2.4. Online Learning with LSTMs

In machine learning, online or incremental learning techniques are used to keep a model up to date with recent data. Like other neural networks, LSTMs have the advantage that their weights can be updated every time step without additional effort and an online learning is easily achieved. Regarding the prediction of water consumption, this comes in handy, as drift effects, occurring e.g., due to the four seasons, can be incorporated into the model. For LSTMs, online learning has been proven to deliver good results, e.g., in speech recognition [35] or land cover prediction [36]. In this paper, the online learning approach for the LSTMs is demonstrated in Section 4, where the weights are updated every time a new consumption profile for the day passed becomes fully available.

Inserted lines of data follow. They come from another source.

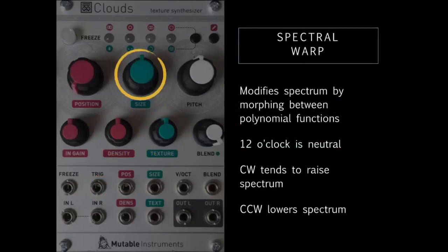Size now controls spectral warping. This morphs through a selection of polynomial functions, which are then applied to the spectrum. This shifts and wraps the frequencies with some strange effects, but turning it clockwise generally creates an increase in apparent pitch, and vice versa if you go anti-clockwise.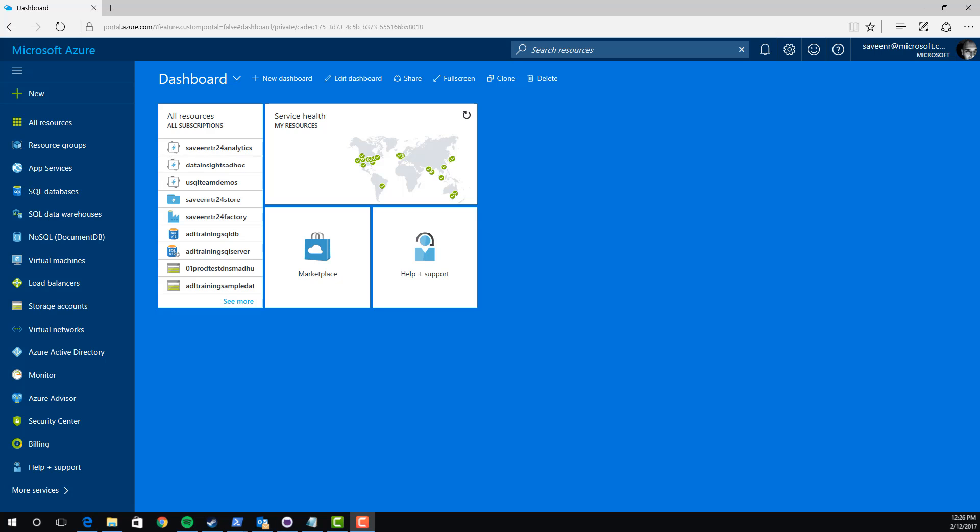Hello, this is Savine Reddy. I'm a Group Program Manager in the Azure Data Lake team. In this video, I'm going to show you how easy it is and how fast it is to get started doing big data with Azure Data Lake.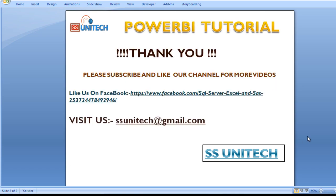I hope you have understood how we can create a conditional column. Thank you so much for watching this video. If you like this video, please subscribe to our channel to get many more videos. Don't forget to press the bell icon to get notifications of our newly uploaded videos. Thank you so much.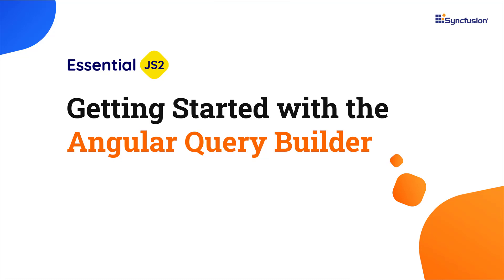Hi everyone, welcome to this video tutorial on how to create an Angular application and configure the Syncfusion Angular Query Builder component in it.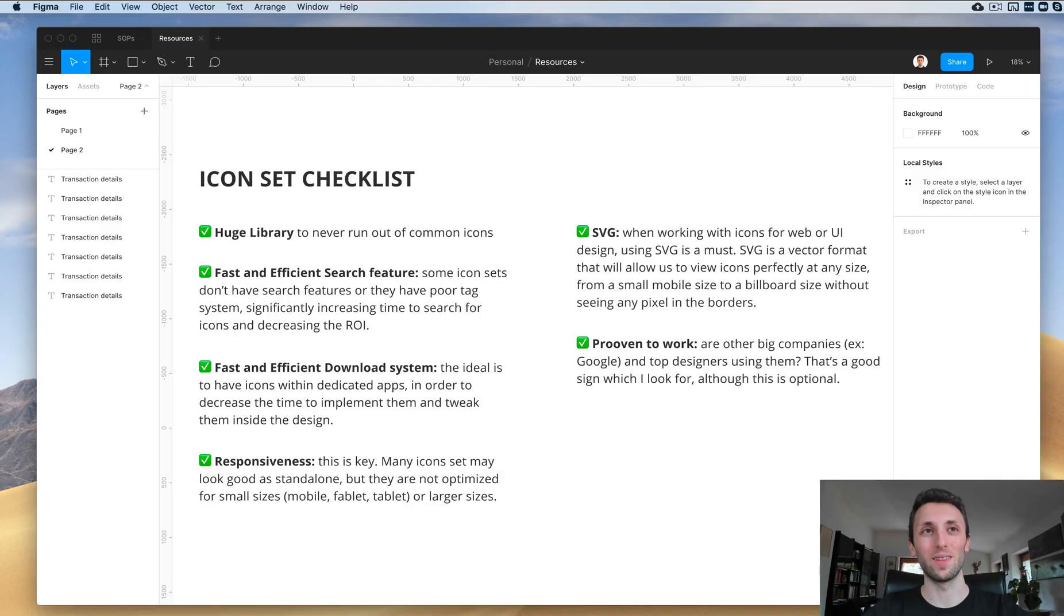As designers, we use icons all the time, and selecting a good icon set can really make or break the project and its efficiency in the workflow. In this video, I want to talk about my top three favorite icon sets and share with you the checklist which I personally use to see if an icon set is valid and good or not. So without further ado, let's jump into my computer so I can show you these concepts.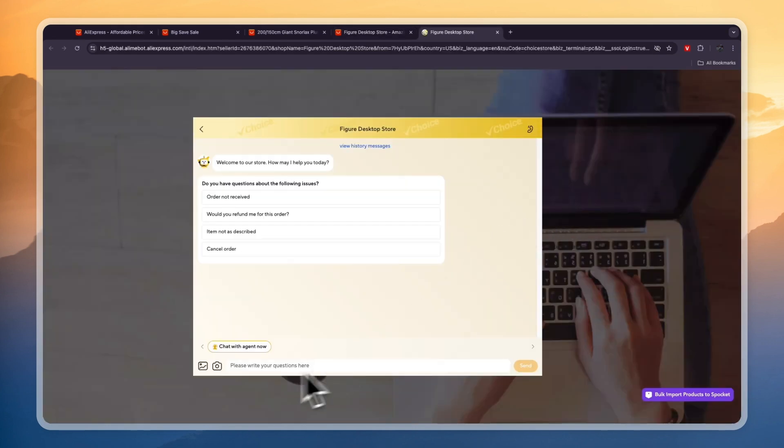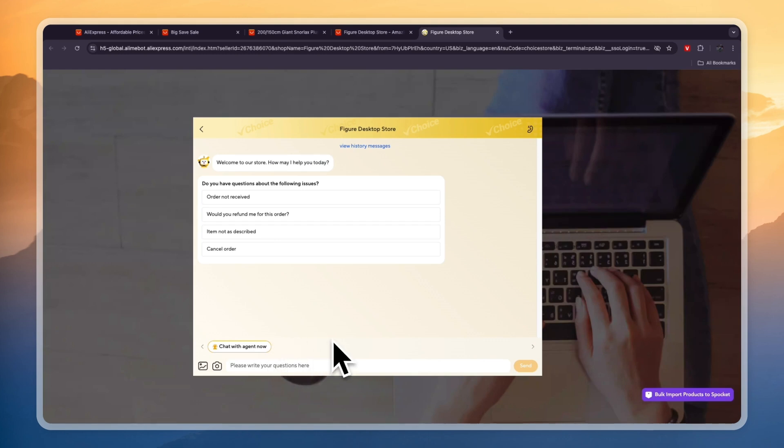After you do that, introduce yourself, say that you want to dropship their item. You can also mention which one and then just ask the question that you want to ask or put in a request, whatever you want to contact them for.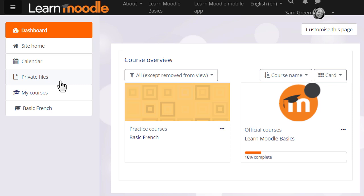Private files can be accessed from the nav drawer on the left and there's also a private files block which may be added to the dashboard or to a course page.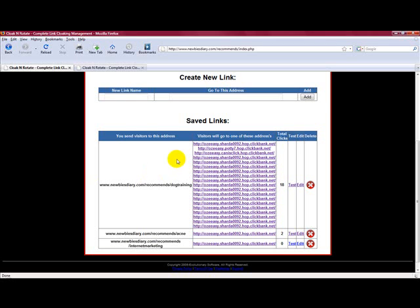So you only actually ever need to enter these all once. You do it once, you put it on as many different sites as you want. It's brilliant. It's so easy to do.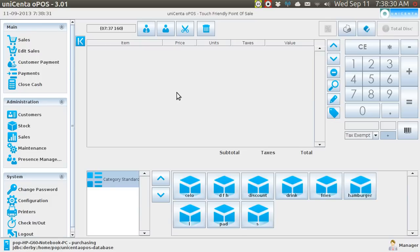Hi, my name is Pop. I'm making a video tutorial in Ubuntu Basics about Unicenta, the point-of-sale cash register program.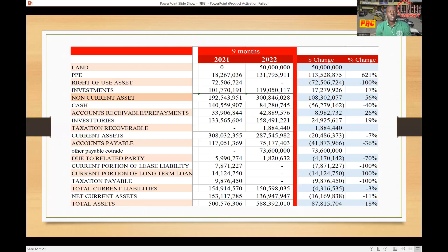PP&E, which is Property, Plant and Equipment — some companies include land in this segment, but you see where Lumber Depot is dividing land away from PP&E. We can see where that has increased from 80 million dollars to 131 million dollars, so there's a 131 million dollar increase, and a 30 million dollar increase in property, plant and equipment — that's a 60 to 21 percent increase.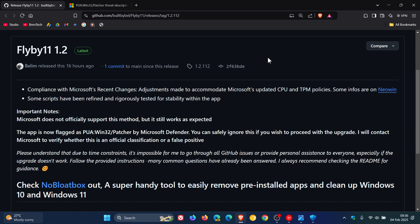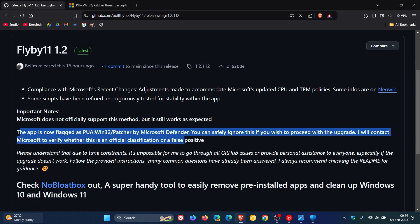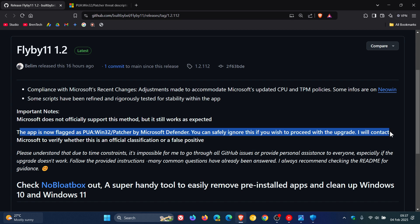And here we can see it says the app is now flagged as PUA 132 patch by Microsoft Defender. The developer says you can safely ignore this if you wish to proceed with the upgrade. I will contact Microsoft to verify whether this is an official classification or a false positive.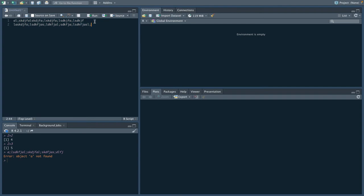We can do that by selecting everything by doing Command-A or Select All and clicking Run. We see we get the same error.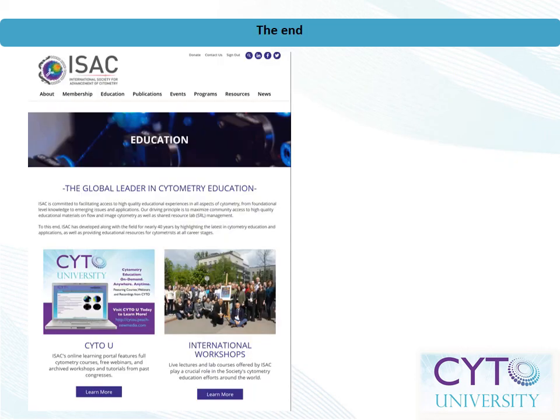We've reached the end of this presentation. Thank you for tuning in. Be sure to check out parts 2 and 3. And for more great cytometry-related educational content, please visit us on the web at cytou.org. On behalf of the International Society for the Advancement of Cytometry, thanks for joining us.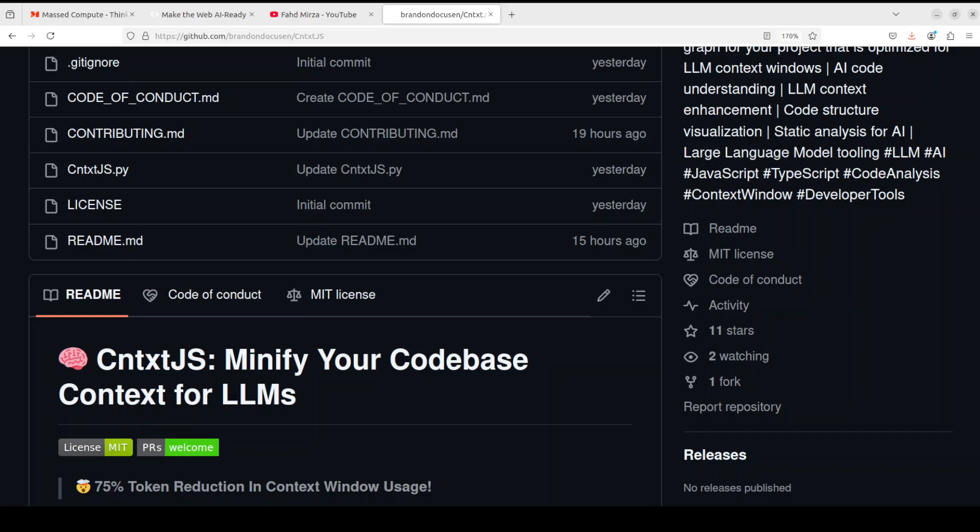Hi everyone, welcome to the channel. This is Fahad Mirza. In this video I am going to talk about a tool which I believe is quite important when it comes to making sure that you are controlling the cost of API based models.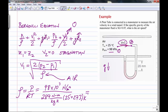The units work out: K cancels with K, newtons cancel, leaving kilograms on top and cubic meters on the bottom — which makes sense for density. This works out to 1.146 kg/m³. It's remarkable that there's that much mass in one cubic meter of air. So that's the density of air.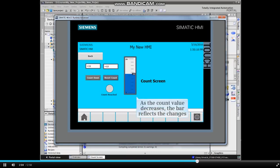By clicking the Countdown button, the count value decreases and is displayed by the bar element.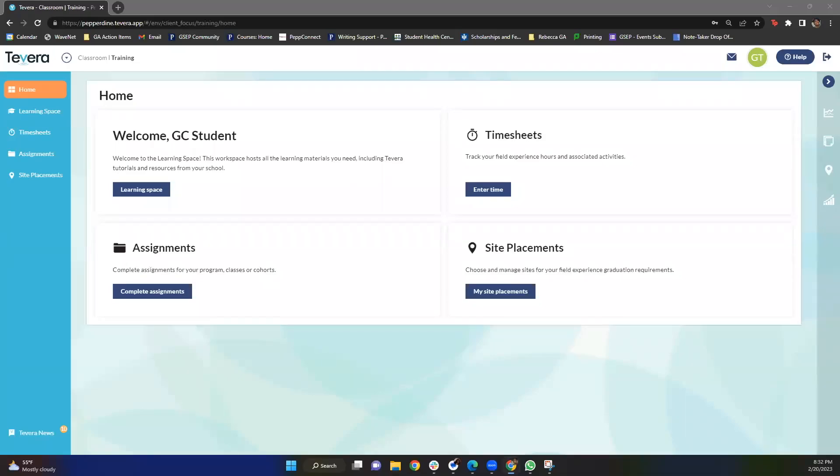Hi everybody, I hope you're doing well. Today we're going to be talking about finding a site on Tavera. I'm sure this process is extremely daunting, and I'm really hoping that this video can ease any anxiety you might have and make this process seem a little bit simpler and more streamlined.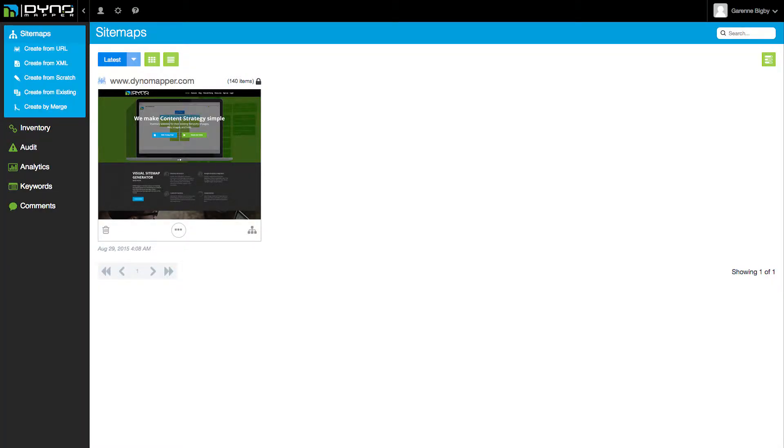Website accessibility testing has never been easier, thanks to DynoMapper's Accessibility Checker. You can test any website that you have crawled using the Create from URL option in the Sitemaps menu.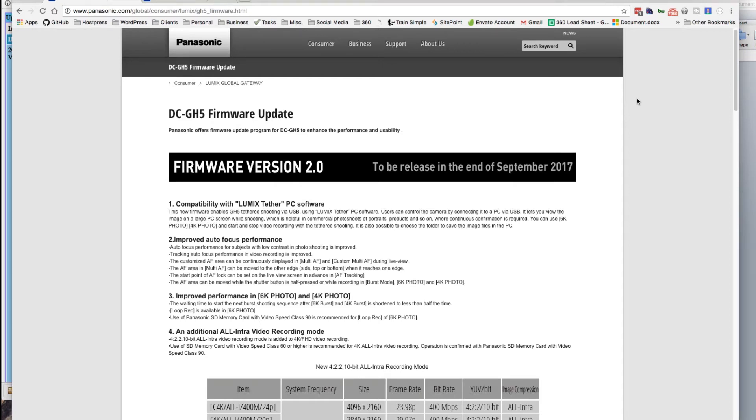Panasonic released their GH5 firmware update version 2.0. Today is September 27th and I'm just going to go through downloading that from the website and installing it on the GH5.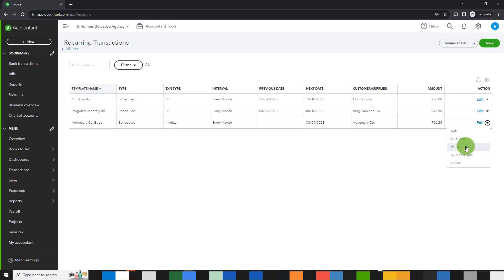I can pause a month or two. Say I want to give adversary company a break or they don't actually really need bugs in December because it's holiday season and they don't like bugging their clients during holiday season, I can pause it. I can skip the next date or I can delete the template.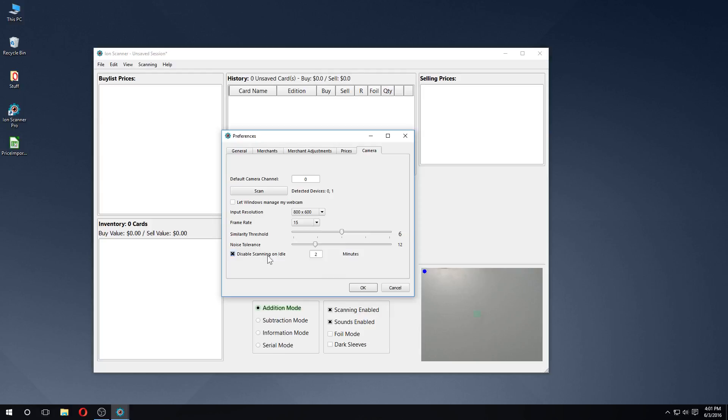By default, when ION has not seen a card for more than two minutes, it will uncheck the scanning enabled box down here automatically. This is because scanning for cards can be computationally intensive, and this may cause excessive system slowdown or battery drain if left unattended.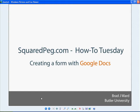Hey, welcome to the third How-To Tuesday here at Squared Peg. Today we're going to talk about creating a form with Google Documents. This is a feature that Google released a few weeks ago, but it's kind of hidden a little bit in Google Documents, so I thought I'd walk you through it and show you how to get to it and create a form.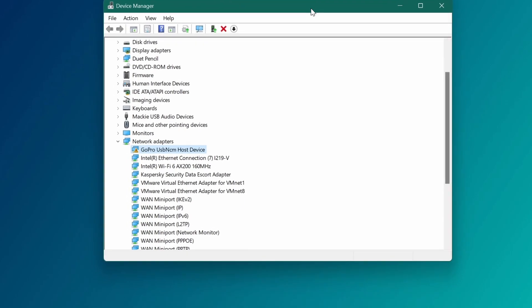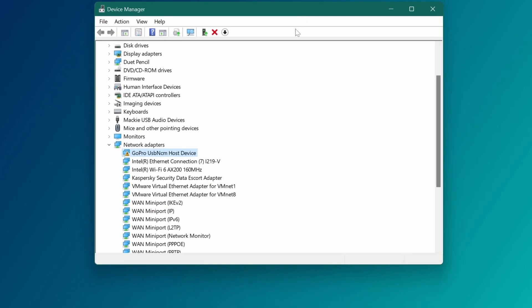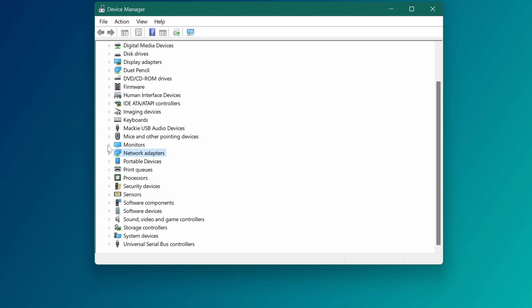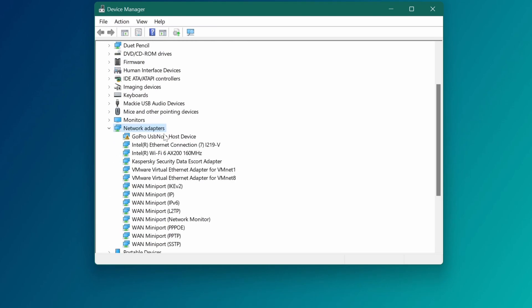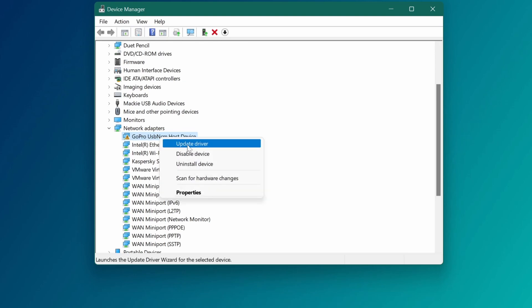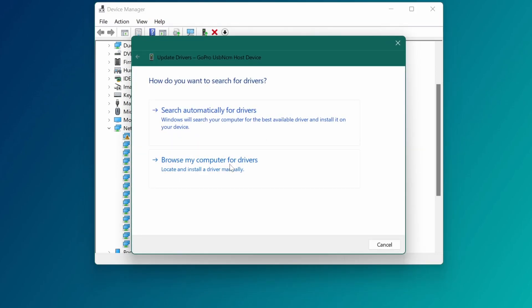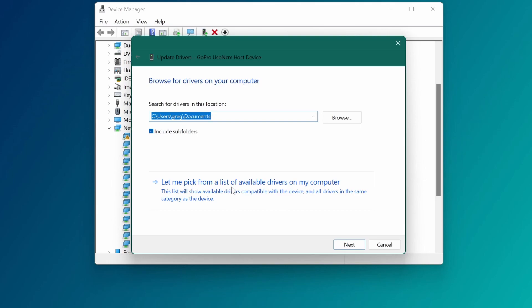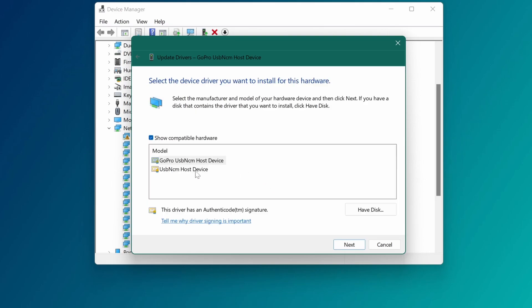Load up Device Manager and you'll be able to see your network adapter. Find Network Adapter, open it, and you can see your GoPro is errored out. Right-click on it and select Update Driver. Select 'Browse my computer for drivers', then 'Let me pick from a list of available drivers'. You're going to have to select the Generic USB NCM Host Device.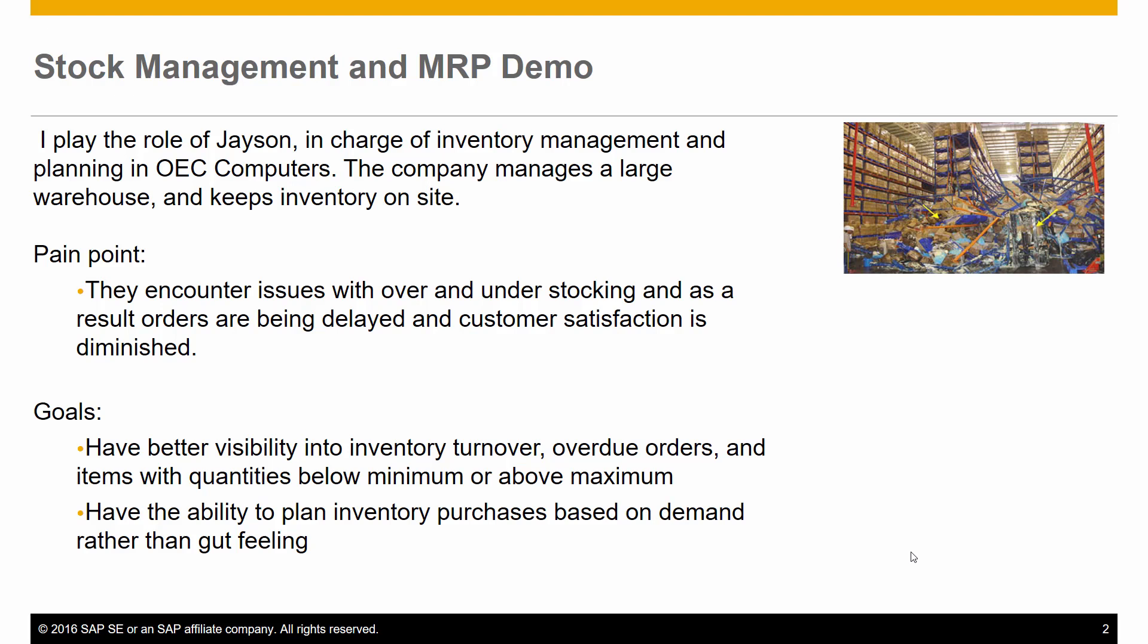I play the role of Jason Butler, in charge of inventory management and planning at OEC Computers. The company manages a large warehouse and keeps inventory on site.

2.5. Transfer Learning with LSTMs

In general, transfer learning is used to improve the learning of a new task by transferring knowledge from a similar task to the current one. For LSTMs, as the weights can be easily updated, transfer learning is straightforward. Recent work has been done, e.g., in [37] for named-entity recognition or in [38] for speech recognition. Especially for water consumption, daily profiles from different water utilities share similar behavior resulting in one consumption peak in the morning and another one in the evening. Therefore, it is expected that transferring LSTM knowledge from one network to another will yield good results. This is demonstrated in Section 5.

3. Application: Decision Support for Water Supply Systems

As mentioned in the introduction, in order to efficiently run pumping stations, it is crucial to make reliable predictions of the daily consumption profile for the next day. However, good predictions do not necessarily imply that pumps run efficiently. Therefore, in this paper, the methods are initially compared with respect to their prediction quality of the consumption profile, but the main focus is regarding their ability to improve the overall efficiency of a pumping station. Recent work in the field of the overall optimization of water distribution systems is, e.g., given in [39] or [40], while a good literature review is in [41]. This paper relies on the work that was accomplished in the research project H2Opt [1], where several pilot studies have been conducted to optimize the operation of water supply systems. In the end, a decision support software [42] was developed for a German city of about 100,000 citizens. In further studies, operation was optimized by following the approach of a naïve predictor and assuming that the drinking water consumption of the day under consideration was like the day before.

3.1. Water Suppply System

Figure 2 shows the scheme of the water supply system. It consists of the waterworks from which four pumps feed drinking water into the system which is consumed by the city. Superfluous drinking water is stored in a cylindrical container which has a diameter of 42.43 m and a limited filling height of 9 m. It is consumed by the city at times of high demand or when the pumps are turned off. The container allows to delay and possibly improve pump operation. In addition, it is required that 44% of the total container volume must be hold back in case of fire emergency. This means, the container level may not fall below 4 m.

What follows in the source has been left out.